Actions Acceptable During a Pandemic
During a pandemic, employers can:
- Send employees home if they display coronavirus-like symptoms (fever, cough, shortness of breath).
- Ask employees if they are experiencing symptoms, provided the information is kept confidential.
- Measure an employee’s temperature if the employee is displaying severe symptoms or if the pandemic is widespread in the community where the individual becomes ill. Note that in nonpandemic situations, measuring temperature constitutes a medical exam.
- Require, based on CDC or other public health recommendations, that employees who recently traveled to certain locations remain home for several days after to be sure they’re clear of symptoms before returning to work. The CDC has said COVID-19 symptoms can present between 2 and 14 days after a person comes in contact with the virus.
- Encourage or require employees to telework as an infection-control strategy. Telework also may be a reasonable accommodation.
- Require employees to wear appropriate personal protective equipment (PPE), such as gloves, to reduce transmission of the virus provided that any employee who needs an accommodation for such PPE receives the accommodation, absent undue hardship.

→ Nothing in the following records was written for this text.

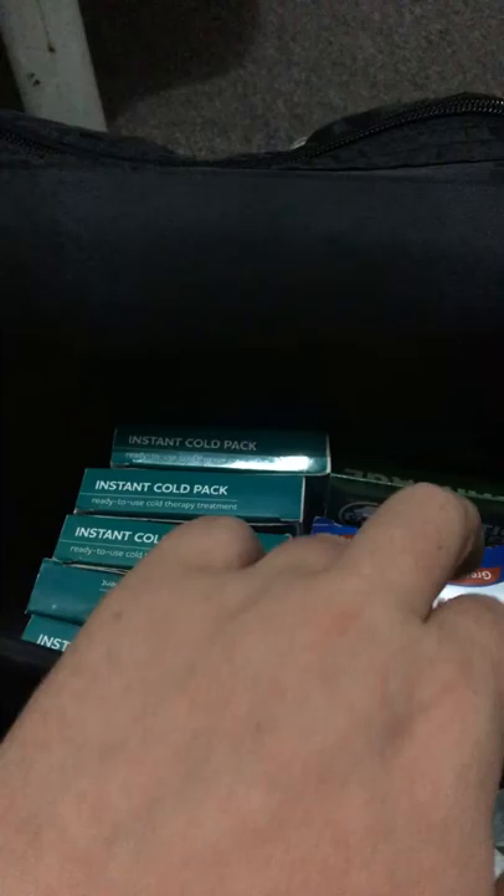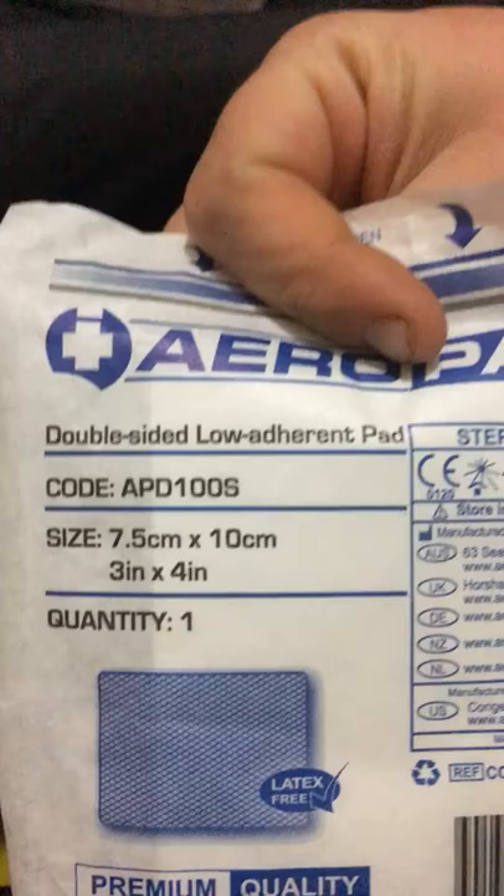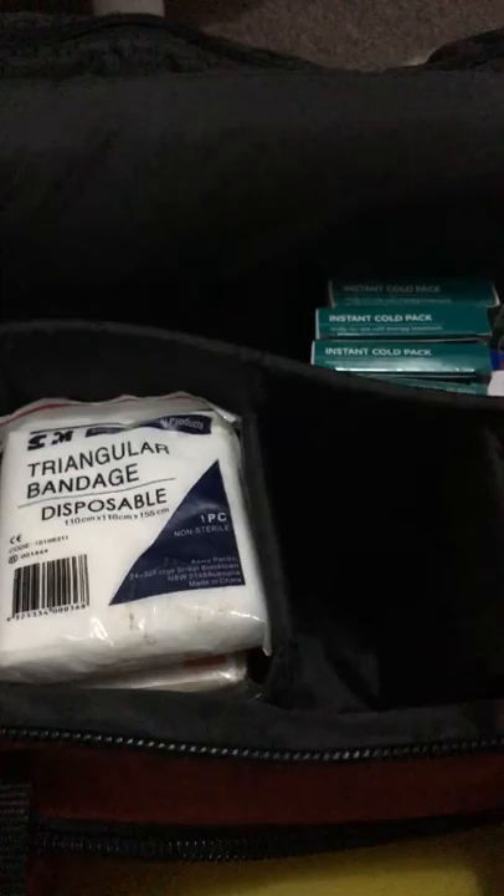In the front compartment I also have assorted size bandages times twelve. There are five instant cold packs, one set of triangular bandages — seven of them — and three saline solution bottles, plus three combined dressings.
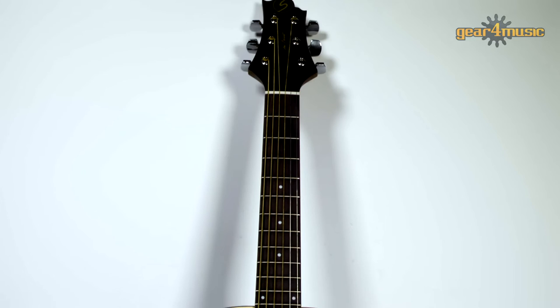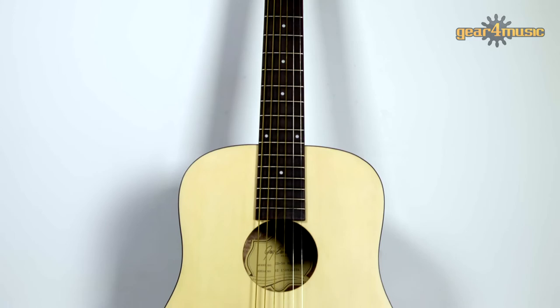A mini version of the GD50 is also available and features a shorter 21-inch scale length and scaled-down body size, making it perfect for younger players or as a travel guitar.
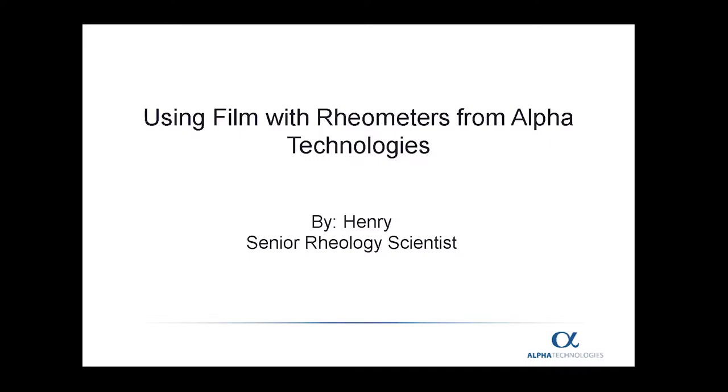Greetings from Henry Pawlowski of Alpha Technologies. Today's webinar is going to be on the use of film with rheometers from Alpha Technologies.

Employers cannot require employees to take a COVID-19 vaccine if one becomes available, but the use of any available vaccines can be encouraged.

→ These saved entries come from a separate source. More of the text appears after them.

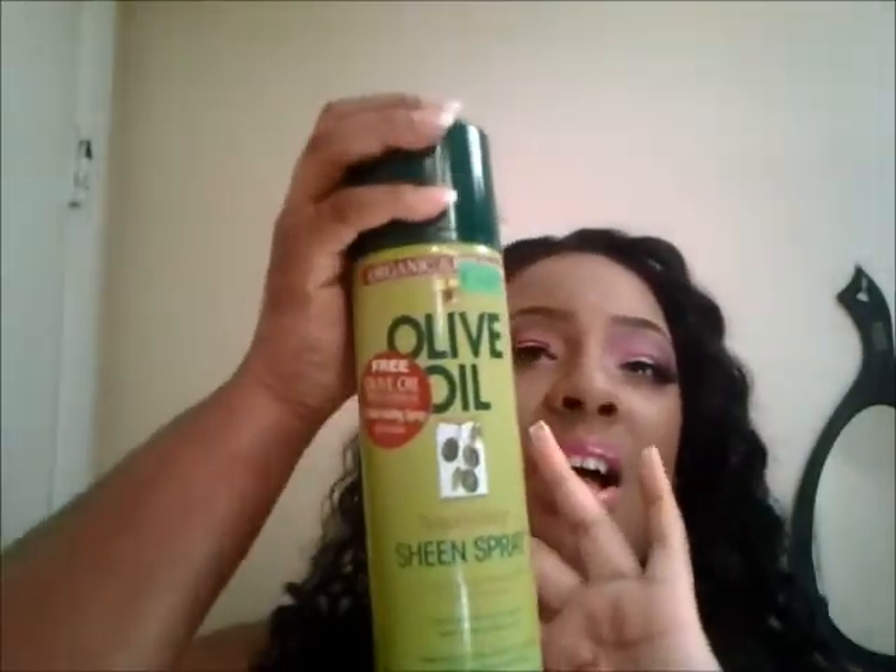I washed it with conditioner — the Suave conditioner, their new professional line — and I let it air dry. Then I sprayed this on it to tame it a little more because it was a mess. I used the organic olive oil oil sheen, just spread it over and wiped it down.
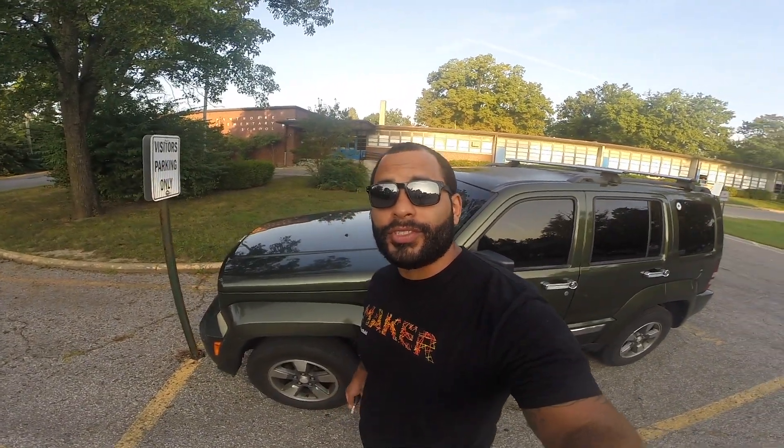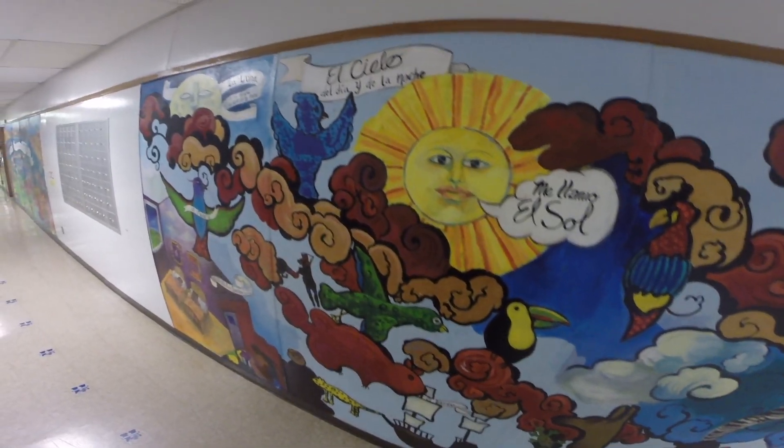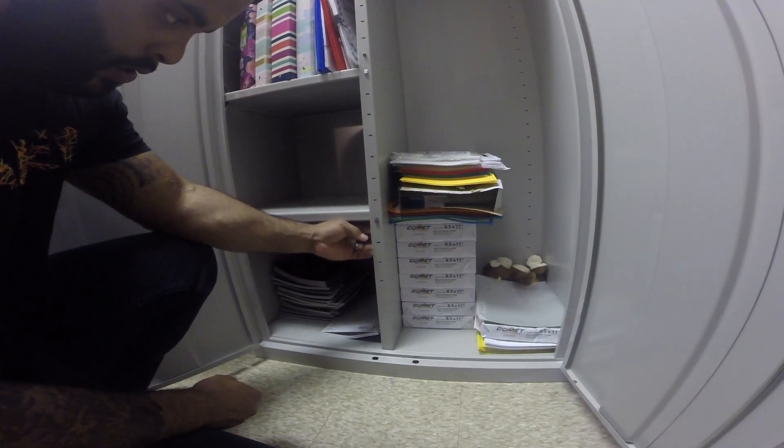Hey guys, I'm at my wife's school to install that bracket that we made. Let's go do it. Thank you, my love.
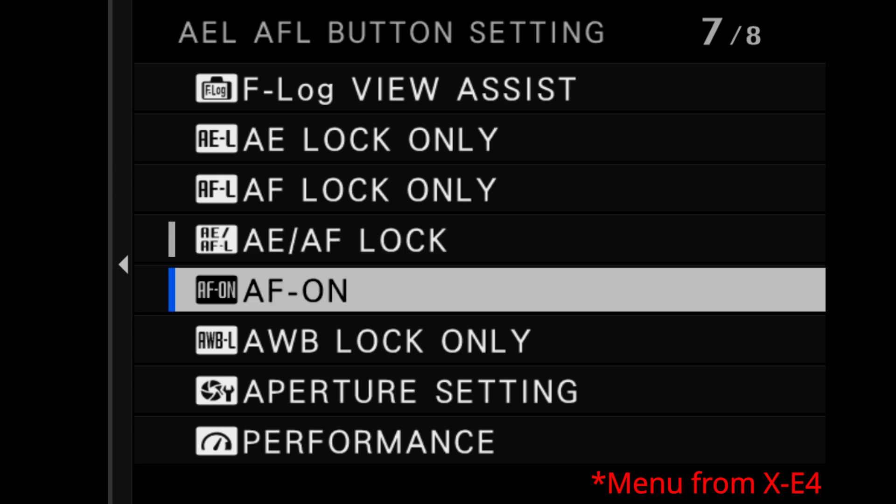Note that AF On and AF L are two different things. AF On is going to initiate autofocus, while AF L - or AF Lock - is going to lock focus at a specific distance.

Employers also can require certification of the illness by the employee’s healthcare provider, as well as certification that the individual is medically able to return to work in accordance with applicable policies and the ADA.
Absences resulting from an employee’s serious health condition are protected under the Family and Medical Leave Act (FMLA), which entitles an eligible employee to take up to 12 weeks of unpaid leave.
COVID-19 likely would constitute a serious health condition that is protected by the FMLA if an employee or family member is hospitalized because of the condition or otherwise incapacitated for more than 3 consecutive calendar days and receives continuing treatment by a healthcare provider as defined in the regulations.
You can require a healthcare provider’s certification of the illness as well as certification that the employee is medically able to return to work.
Remember, the Families First Coronavirus Response Act (FFCRA)—a measure that provides both paid sick leave and paid family and medical leave for workers affected by the COVID-19 pandemic—recently went into effect.
The rule, which will be in effect through December 31, outlines how both workers and employers will benefit from the Emergency Paid Sick Leave Act and the Emergency Family and Medical Leave Expansion Act, both part of the FFCRA. To learn more about the FFCRA, click here.
Although COVID-19 presents many challenges, employers must familiarize themselves with the laws the disease is likely to trigger and seek legal assistance when questions arise.